Individuals, groups of individuals, and often the state must join together to construct, operate and maintain the irrigation system as a whole.
Within a typical irrigation system there are three levels of community organization.
There is the individual or small informal group of individuals participating in the system at the field and tertiary level of conveyance and distribution.
36. There are the farmer collectives which form in structures as simple as informal organizations or as complex as irrigation districts.
These assume, in addition to operation and maintenance, responsibility for allocation and conflict resolution.
And then there is the state organization responsible for the water distribution and use at the project level.

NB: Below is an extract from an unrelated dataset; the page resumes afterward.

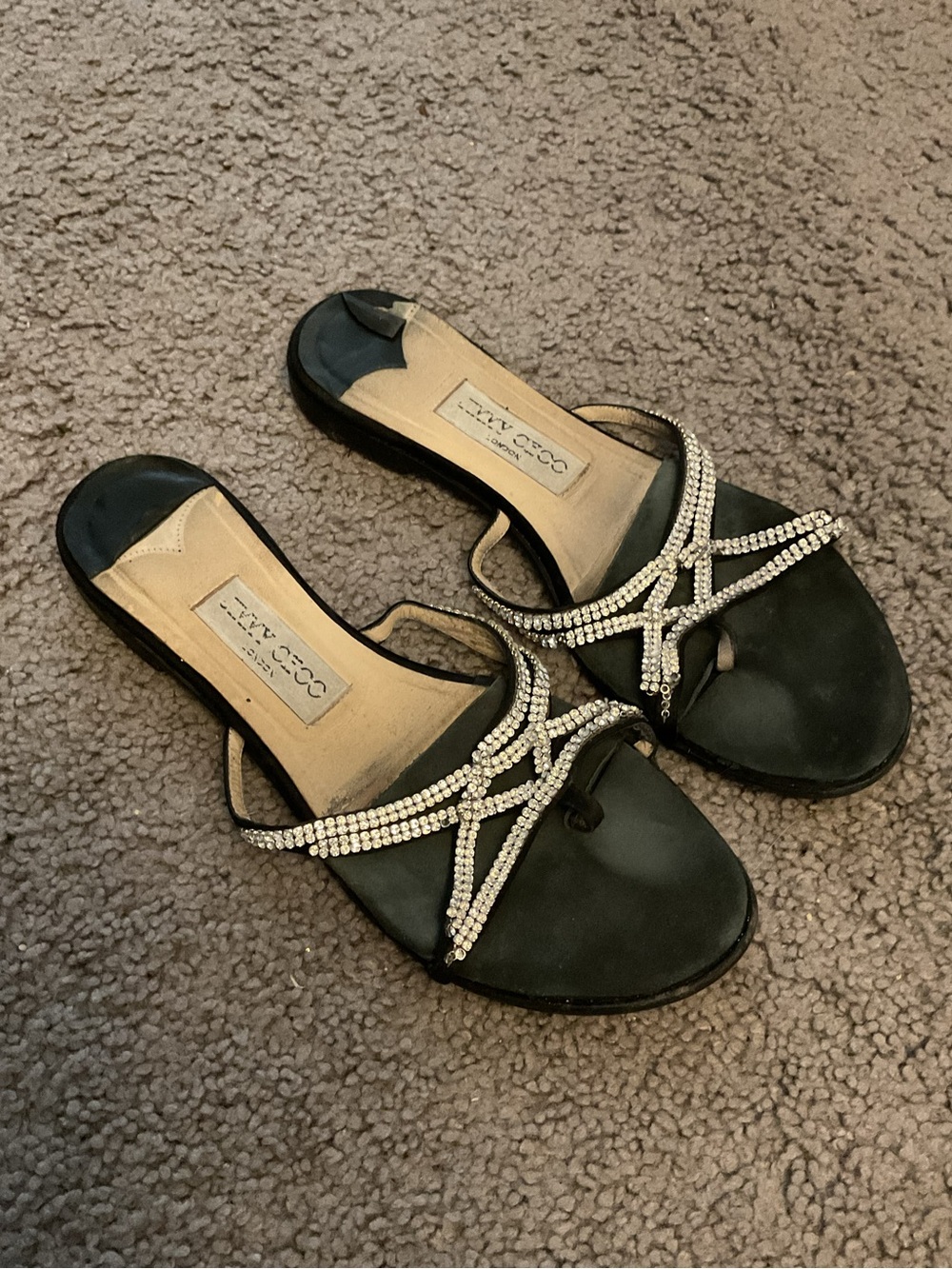 Jimmy Choo Rhinestone Black Leather Flats Sandals Shoes Flip Flops Casual sz 38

37. Irrigation system designers should be aware that perhaps the most important goal of the irrigation community at all levels is the assurance of equity among its members.
Thus the operation, if not always the structure, of the irrigation system will tend to mirror the community view of sharing and allocation.
38. Irrigation often means a technological intervention in the agricultural system even if irrigation has been practiced locally for generations.
New technologies mean new operation and maintenance practices.
If the community is not sufficiently adaptable to change, some irrigation systems will not succeed.
39. External influences Conditions outside the sphere of agriculture affect and even dictate the type of system selected.
For example, national policies regarding foreign exchange, strengthening specific sectors of the local economy, or sufficiency in particular industries may lead to specific irrigation systems being utilized.
40. Key components in the manufacture or importation of system elements may not be available or cannot be efficiently serviced.
Since many irrigation projects are financed by outside donors and lenders, specific system configurations may be precluded because of international policies and attitudes.